In the first version of the experimental design, each subject sees each text in each of 2 x 3 experimental conditions. Thus, the two fixed factors Speed and Load are both within-subject and within-item. A minimum of six subjects and six texts is required for a complete within-subject/within-item design. We summarize the design with the design formula:

Load(2) x Speed(3) x 6 Item x 6 Subj

This is a completely crossed design. Note the difference between specification of levels for fixed and instances for random factors. The product of numbers in the formula informs about the number of observations generated by the design. In this case: 216 observations.

design1 <- 
  fixed.factor("Speed", levels=c("slow", "medium", "fast")) +
  fixed.factor("Load",  levels=c("yes", "no")) +
  random.factor("Subj", instances=6) +    
  random.factor("Item", instances=6)    


codes1 <- arrange(design.codes(design1), Subj, Item)[c(3, 4, 2, 1)]
codes1
tail(codes1, 10)

#xtabs( ~ Subj + Item + Load + Speed, codes1)
xtabs(~ Load + Speed, codes1)
xtabs(~ Subj + Load + Speed, codes1)
xtabs(~ Item + Load + Speed, codes1)

The first command generates the list design1. The function design.codes() extracts the generated variable coding as a dataframe in the tibble format. After resorting and rearranging the variables, the code is converted to the long format (i.e, N=216). Obviously, having subjects read each text six times may lead to practice effects that would need to be taken into account by counterbalancing the order in which texts are presented across subjects.
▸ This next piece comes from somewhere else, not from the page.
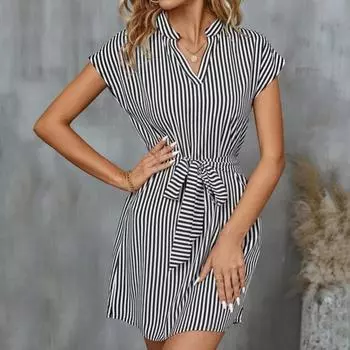 Женское летнее мини-платье с v-образным вырезом, без рукавов, на талии, с узкими завязками, короткое платье с принтом в вертикальную полоску, офисное платье для отпуска S синий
Speed within-subject/within-item, Text within-subject/between-item; no counterbalancing

In the second example, we replace the factor Load with a factor Type of text. We assume that Items 1 to 3 are simple texts and items 4 to 6 are complex texts. Subjects read both simple and complex texts; Type of text is a within-subject factor. Each text (item), however is either simple or complex. Thus, Type is a between-item factor in this design.

Such a design is realized by specifying Type with the groups argument in the corresponding random.factor() command. We generate 3 items (instances) within each of the two levels of the factor Type, that is, as in the first example, we will have again six different items.

Design formula:

Type(2) x Speed(3) x 3 Item[Type] x 6 Subj

We read the item-part of this formula: "3 Items nested under levels of Type." The total number of different instances for the random factor Item is 3 items x 2 levels of Type, that is 6 items. The design generates 108 observations; it is no longer completely crossed.

design2 <- fixed.factor("Speed", levels=c("slow", "medium", "fast")) +
  fixed.factor("Type",  levels=c("simple", "complex")) +
  random.factor("Subj", instances=6) +   
  random.factor("Item", groups="Type", instances=3)

codes2 <- arrange(design.codes(design2), Subj, Item)[c(3, 4, 1, 2)]
codes2

xtabs(~ Item + Type, codes2)
xtabs(~ Subj + Type, codes2)

#xtabs( ~ Subj + Item + Type + Speed, codes2)
#xtabs(~ Type + Speed, codes2)
#xtabs(~ Subj + Type + Speed, codes2)
#xtabs(~ Item + Type + Speed, codes2)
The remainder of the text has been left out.